Tynecastle on the other hand is a disgrace. Potentially one of the finest football grounds on the planet, it is simply no longer fit for purpose with the state of the old main stand, a particular concern. The stadium is outmoded, which is a remark that could apply to the ownership of Hearts and the way that much of Scottish professional football is organised.
Vladimir Romanov’s tenure of ownership is coming to an end, that much is clear. I’ve always had a sneaking admiration for the former submarine captain who was determined to steer his boat – submariners always talk of boats, not ships – in his own idiosyncratic way. He came into Scottish football talking a great game, particularly with his pledges to overcome the duopoly of the Old Firm.
Not even Romanov in his wildest flights of fancy could have foreseen the problems that have beset Rangers FC. That the country’s most successful club in terms of domestic honours should be languishing in the Third Division remains a blot on the escutcheon of Scottish football which shall never be erased.
The prospect of Hearts joining them in that division seemed a very real threat just a few weeks ago, but thanks to those loyal fans of the men in maroon, the club appears to be out of danger for the immediate future.
My contention is that Hearts and every other Scottish football club are far too important to their communities to risk their destruction. They should never be subject to the whims of wealthy owners who, as Romanov has shown, may simply end their financial backing.
Unlike the situation with Rangers, I have personally heard no Hibs fans other than complete bampots glorying in the potential demise of Hearts.
They remember only too well the days more than 20 years ago now when their own club was in peril of extinction for the second time in its history, and Hearts’ owner Wallace Mercer launched his merger bid.
It was no such thing, of course, as Wallace admitted to me many years later – it was going to be a “snuff movie” for Hibs, was how he described it. Thanks to Hands off Hibs and Tom Farmer, Hibs survived and decent fans never forget that he stepped in when nobody else wanted to touch Hibs with a bargepole. That he faces constant demands for more investment in the club is proof that fans have ambitions with other people’s wallets.
I am well aware that Romanov is a unique individual and Hearts’ situation was unique in that he took over a failing institution – any club having to sell its own ground to clear its debt had by definition failed – but the difference between him and Farmer is that the Lithuanian promised to spend plenty to achieve his dream of competing with the Old Firm.
My problem with Farmer, Romanov, Sir David Murray, Craig Whyte, and the many other individuals who own or have owned football clubs in this country is just that – they are individuals. Some of them have been more thousandaires than millionaires, but all of them have been able to take control of clubs and use them as their playthings for good or ill.
Some people have tried to characterise that mode of ownership as being 19th century in origin, but that is plainly wrong. Most clubs with histories dating back to the 1800s – as is the case for most senior Scottish football clubs – owe their existence to small groups of people from similar backgrounds who got together to form an association. That club would then join in association with other clubs, and that is the root of why the sport of soccer is called association football.

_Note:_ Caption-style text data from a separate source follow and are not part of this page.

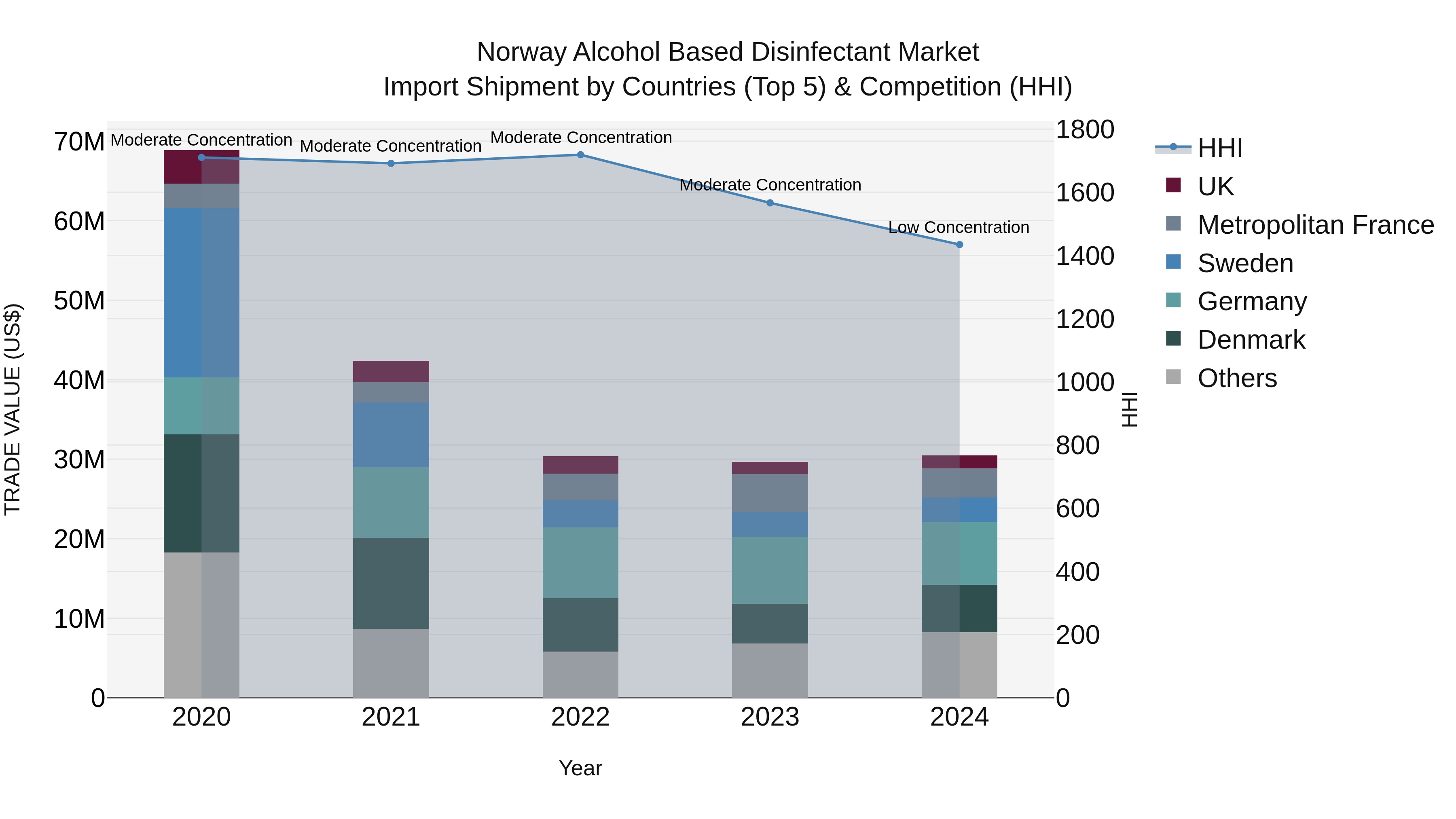 Norway Alcohol Based Disinfectant Market Top 5 Importing Countries and Market Competition (HHI) Analysis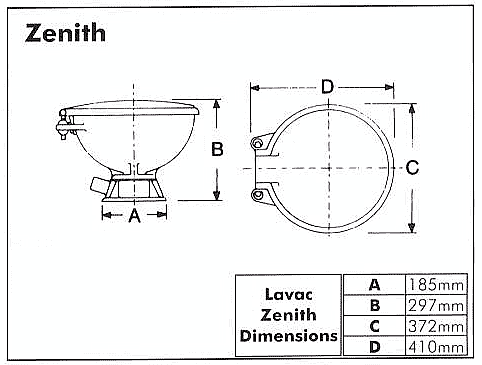 Lavac Zenith illustration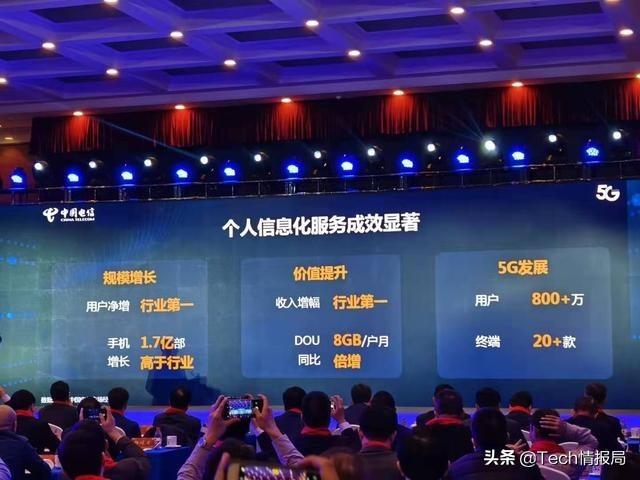 中国移动败了！中国电信5G用户已突破800万，成5G初期最大赢家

Hearts, Hibs, and most clubs in Scotland are now run on a company basis, with boards of directors, often but not always the placemen – and they nearly all are men – of the principal shareholder.
I have nothing against Romanov, other than that I think he should make a dignified exit, and I certainly have nothing against Tom Farmer, who I know to be a decent individual and a great Leither.
But I think the time has come for football club ownership in Edinburgh and Scotland as a whole to be changed forever. It is time for broad associations of thousands of people to own the clubs not as shareholders but members. Imagine Hibs and Hearts owned by their fans – at the very least, the fans would have to use their own wallets and the Hearts legions have shown they will do so.
It is time for football to go back to its association roots. Member ownership can be very successful. Just ask Barcelona.